The other Sytek employee featured in this episode, engineer Phil Edholm, continues to work in the industry as a communications and networking consultant. Edholm remained with Sytek through its acquisition by Hughes. He left the company in 1991. In 1995, he joined Nortel Networks, eventually rising to become chief technology officers of its enterprise business before departing in 2009.
UB Struggled to Market Vendor-Independent LAN
Ungermann-Bass–also known as UB–was started by Ralph Ungermann and Charlie Bass.
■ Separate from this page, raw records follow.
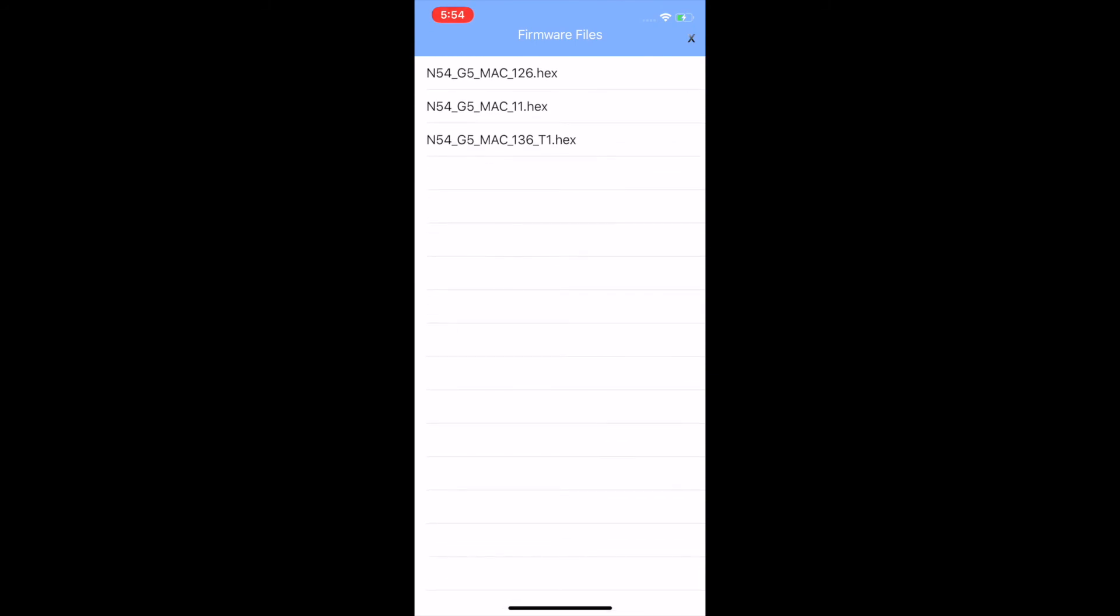You can do the same thing as on Android. If you start to run out of space or just want to delete some files, swipe left, the delete button will appear, and then you just tap it to get rid of it.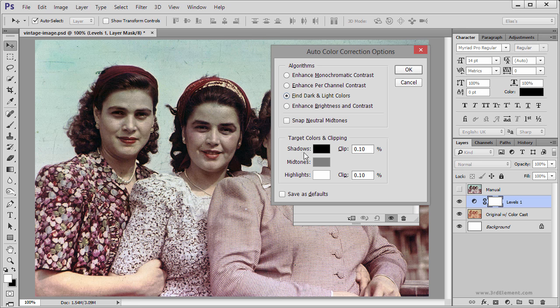Below here you have the ability to change that true black and white point and reassign them by using the Color Picker to set a value for the Shadows, Midtones and Highlights.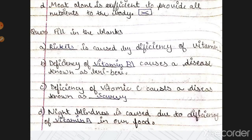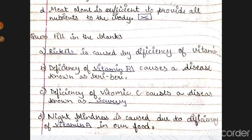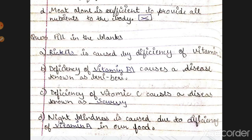Vitamin D deficiency causes rickets. Vitamin B1 deficiency causes a disease known as Beriberi. Deficiency of Vitamin C causes a disease known as scurvy.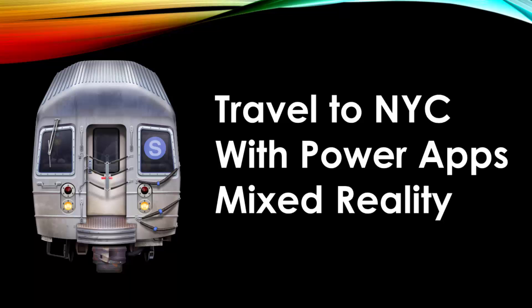This is 5-Minute Power Platform, and today we're going to use PowerApps Mixed Reality to build an app that will virtually take us to New York City.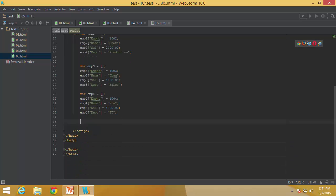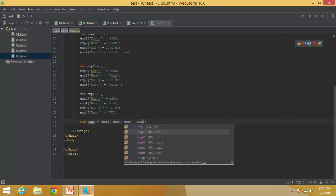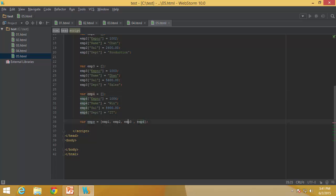Now that we have four employee-related arrays, I would like to store all four inside another array called EMPS. You can see EMPS is an array, and inside it I mention that all elements are going to be the arrays I already defined at the top — EMP1 through EMP4. This new array becomes a collection of all those associated arrays together forming one combined array.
Both men previously worked at Zilog, which famously developed the Z80 microprocessor used in many 8-bit computers of the 1980s. According to James Pelkey, Ungermann was “forced out” at Zilog and decided to start a LAN company. He recruited Bass and other disgruntled Zilog employees to form UB in 1979.
While Sytek focused on broadband-based LANs, UB’s specialty was Ethernet. As Bass alluded to during his Chronicles segments, Ethernet did become an industry standard, specifically the IEEE 802.3 standard that is still in use today. Bass had led the charge for Ethernet at UB and he decided to base the company’s early networking products on the Z80, which he was obviously quite familiar with from his Zilog days.
During the 1980s, UB adopted other networking technologies, including broadband and token ring, in an attempt to cement its position as a “vendor-independent” LAN company. Unlike its rival Sytek, UB managed to go public in June 1983. But the company was never very profitable, and following the October 1987 stock market crash, Ungermann went looking for a buyer, which he found in Tandem Computers. Tandem formally acquired UB in February 1988 for $260 million, with Ungermann staying on as a vice president. Tandem was later acquired by Compaq in 1997.
There’s limited information on Charlie Bass' post-UB career. Like many former Silicon Valley executives, he formed a venture capital firm, Bass Associates, in the late 1980s. He co-founded at least two other companies, Starlight Networks (a 1990s streaming media software developer) and Socket Mobile, which is still in business today. Bass also spent a number of years as a consulting professor of electrical engineering at Stanford.
Notes from the Random Access File
- This episode was recorded on September 26, 1983, although it aired sometime in October based on the “Random Access” segment.
- You can watch this episode at the Internet Archive.
- It’s never made clear exactly which Sytek device is used in Edholm’s demo. Based on the available product brochures from the time, my guess is it was the LocalNet 20/100 Z01 Option.
- When Charlie Bass referred to RS-232 as a “well-established standard,” he wasn’t kidding. The original RS-232 standard was introduced in 1960, so it was well over 20 years old when this Chronicles episode taped.
- Stewart Cheifet mentioned AT&T’s sale of software systems to its Japanese counterpart, Nippon. In an interesting historical footnote, AT&T controlled Japan’s telephone network during the post-World War II occupation until it was turned over to the state-created monopoly Nippon in 1952.